The notebook currently covers how results from a AnnData/MuData object can be added to a cpr_graph to setup network-based inference. The general strategy is to:
1. pull out a pd.DataFrame containing feature-level measures of interest along with feature metadata.
2. These are then mapped on the species ids in an sbml_dfs model by shared on ontology, disambiguated (to handle mapping of multiple features to the same s_id), and s_id-indexed results are embedded in the sbml_dfs as a table in species_data
3. attributes of interrest are then passed from the sbml_dfs model into the graph.

This example uses real MuData results but only a small sbml_dfs object which has uniprot but not ENSG identifiers. This makes things easy to work with but a genome-scale graph will need to be used for a real analysis.

Reflecting on the current functionality,

(1) is not too hard but the interface can probably be cleaned up as we should have a function which applies 1-3 in a single call.
(2) is in pretty good shape following a LOT of new functionality being added to napistu-py for handling many-to-one mappings and wide/nested formats for identifiers.
(3) will need some better functionality since the reaction_attrs syntax is pretty cryptic but the core functionality is all there.

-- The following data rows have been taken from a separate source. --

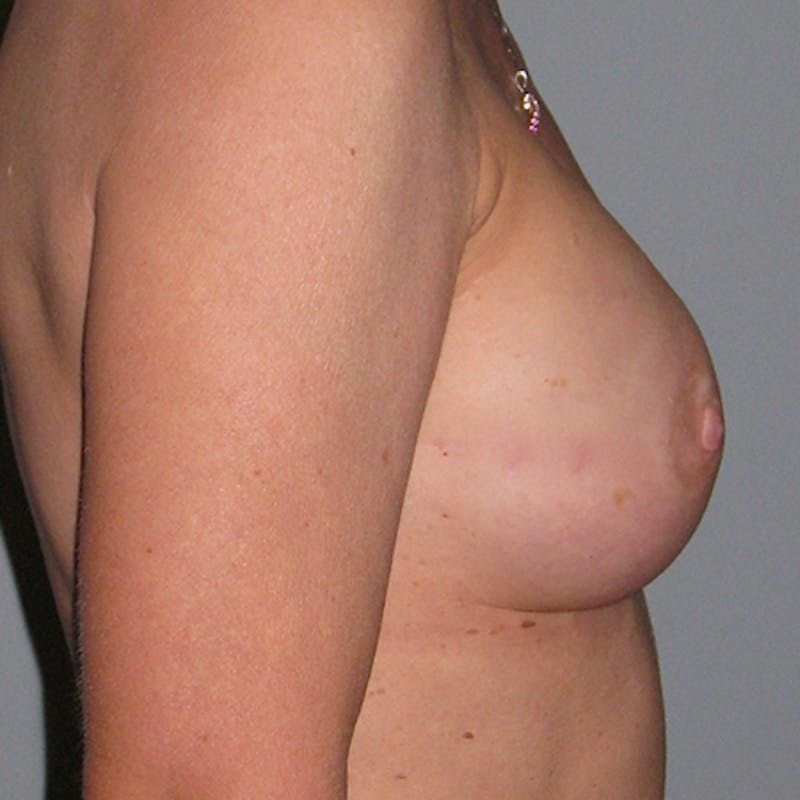 Nipple Sparing Breast Reconstruction Before & After Gallery - Patient 154952109 - Image 6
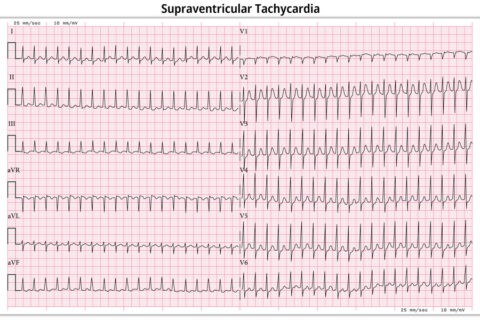 Supraventricular Tachycardia Symptoms Causes And Management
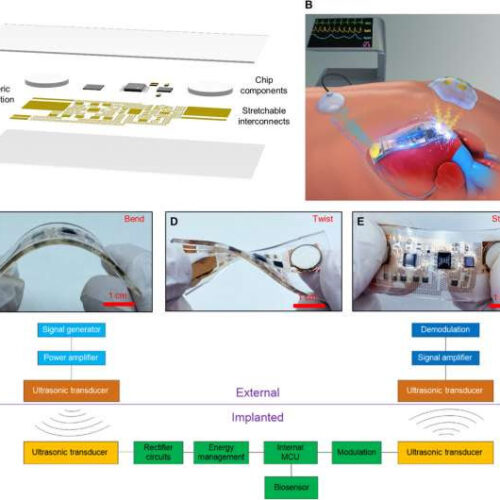 Simultaneous acoustic energy transfer and communication in neuroscience and cardiovascular medicine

Next, steps will be develop basic PPR functionality.

In [1]:
import os

import pandas as pd

from napistu.ingestion import sbml
from napistu import sbml_dfs_core
from napistu import mechanism_matching

In [2]:
# utils

from typing import Dict
from mudata import MuData

def split_varm_by_modality(mdata: MuData, varm_key: str = 'LFs') -> Dict[str, pd.DataFrame]:
    """
    Split a varm matrix by modality and join with corresponding var tables.
    
    Parameters
    ----------
    mdata : mudata.MuData
        MuData object containing multiple modalities and a varm matrix
    varm_key : str, optional
        Key in mdata.varm to split by modality. Default is 'LFs'
        
    Returns
    -------
    Dict[str, pd.DataFrame]
        Dictionary with modality names as keys and DataFrames as values.
        Each DataFrame contains the var attributes and corresponding matrix values
        for that modality.
        
    Examples
    --------
    >>> # Split latent factors
    >>> modality_lfs = split_varm_by_modality(mdata, varm_key='LFs')
    >>> transcriptomics_lfs = modality_lfs['transcriptomics']
    >>> proteomics_lfs = modality_lfs['proteomics']
    >>>
    >>> # Split other varm matrix
    >>> modality_other = split_varm_by_modality(mdata, varm_key='other_matrix')
    """
    if varm_key not in mdata.varm:
        raise ValueError(f"No '{varm_key}' matrix found in varm")
    
    # Get the matrix and ensure it has the right index
    matrix = pd.DataFrame(
        mdata.varm[varm_key],
        index=mdata.var_names,
        columns=[f'{varm_key}{i+1}' for i in range(mdata.varm[varm_key].shape[1])]
    )
    
    # Initialize results dictionary
    results: Dict[str, pd.DataFrame] = {}
    
    # Process each modality
    for modality in mdata.mod.keys():
        # Get the var_names for this modality
        mod_vars = mdata.mod[modality].var_names
        
        # Extract matrix values for this modality
        mod_matrix = matrix.loc[mod_vars]
        
        # Get var table and ensure index matches
        mod_var = mdata.mod[modality].var.copy()
        
        # Verify index alignment
        if not mod_var.index.equals(mod_matrix.index):
            raise ValueError(
                f"Index mismatch in {modality}: var table and matrix subset have different indices"
            )
        
        # Join with var table on index
        mod_results = pd.concat([mod_var, mod_matrix], axis=1)
        
        # Store in results
        results[modality] = mod_results
    
    return results


DEBUG:h5py._conv:Creating converter from 7 to 5
DEBUG:h5py._conv:Creating converter from 5 to 7
DEBUG:h5py._conv:Creating converter from 7 to 5
DEBUG:h5py._conv:Creating converter from 5 to 7


In [3]:
PATH_TO_TEST_DATA = os.path.expanduser("~/Desktop/GITHUB/napistu/lib/napistu-py/src/tests/test_data")
example_pathway = os.path.join(PATH_TO_TEST_DATA, "reactome_glucose_metabolism.sbml")
assert os.path.exists(example_pathway)

In [4]:
sbml_dfs = sbml_dfs_core.SBML_dfs(sbml.SBML(example_pathway))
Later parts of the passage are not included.